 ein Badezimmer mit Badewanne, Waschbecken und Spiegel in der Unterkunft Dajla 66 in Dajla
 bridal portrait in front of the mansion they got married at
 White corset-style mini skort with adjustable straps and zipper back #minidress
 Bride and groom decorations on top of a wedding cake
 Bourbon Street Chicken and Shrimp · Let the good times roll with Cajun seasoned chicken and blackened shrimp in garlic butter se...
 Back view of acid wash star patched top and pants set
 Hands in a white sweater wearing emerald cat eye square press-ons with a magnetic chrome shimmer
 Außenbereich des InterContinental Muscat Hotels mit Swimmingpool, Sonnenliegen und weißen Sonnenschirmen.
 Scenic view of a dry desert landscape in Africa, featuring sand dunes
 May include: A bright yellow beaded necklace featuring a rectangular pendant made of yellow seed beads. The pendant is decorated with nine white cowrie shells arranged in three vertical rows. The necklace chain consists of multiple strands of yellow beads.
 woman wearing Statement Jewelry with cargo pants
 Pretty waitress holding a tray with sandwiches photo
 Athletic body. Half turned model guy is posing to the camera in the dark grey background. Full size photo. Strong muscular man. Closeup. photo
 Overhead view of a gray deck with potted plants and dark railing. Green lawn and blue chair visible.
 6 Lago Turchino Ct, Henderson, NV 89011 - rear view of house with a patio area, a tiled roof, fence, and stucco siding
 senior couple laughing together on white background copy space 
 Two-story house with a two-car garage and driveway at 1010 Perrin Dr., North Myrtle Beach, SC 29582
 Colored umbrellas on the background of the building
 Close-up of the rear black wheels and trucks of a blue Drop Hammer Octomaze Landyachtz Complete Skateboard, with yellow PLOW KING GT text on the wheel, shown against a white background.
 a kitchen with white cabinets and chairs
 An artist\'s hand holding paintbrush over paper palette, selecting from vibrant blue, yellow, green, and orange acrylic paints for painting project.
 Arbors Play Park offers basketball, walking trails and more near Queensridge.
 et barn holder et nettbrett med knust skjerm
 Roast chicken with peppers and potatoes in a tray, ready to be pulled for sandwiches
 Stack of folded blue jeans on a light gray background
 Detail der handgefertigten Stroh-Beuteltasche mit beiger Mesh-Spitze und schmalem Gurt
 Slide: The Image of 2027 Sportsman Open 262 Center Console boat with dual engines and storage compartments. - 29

========================================

YOUR OBJECTIVE » Exactly the lines from the one containing "Roast chicken with" through the end of the listing should be reproduced, both ends included and nothing more.

PROBLEM SOLUTION »
 Roast chicken with peppers and potatoes in a tray, ready to be pulled for sandwiches
 Stack of folded blue jeans on a light gray background
 Detail der handgefertigten Stroh-Beuteltasche mit beiger Mesh-Spitze und schmalem Gurt
 Slide: The Image of 2027 Sportsman Open 262 Center Console boat with dual engines and storage compartments. - 29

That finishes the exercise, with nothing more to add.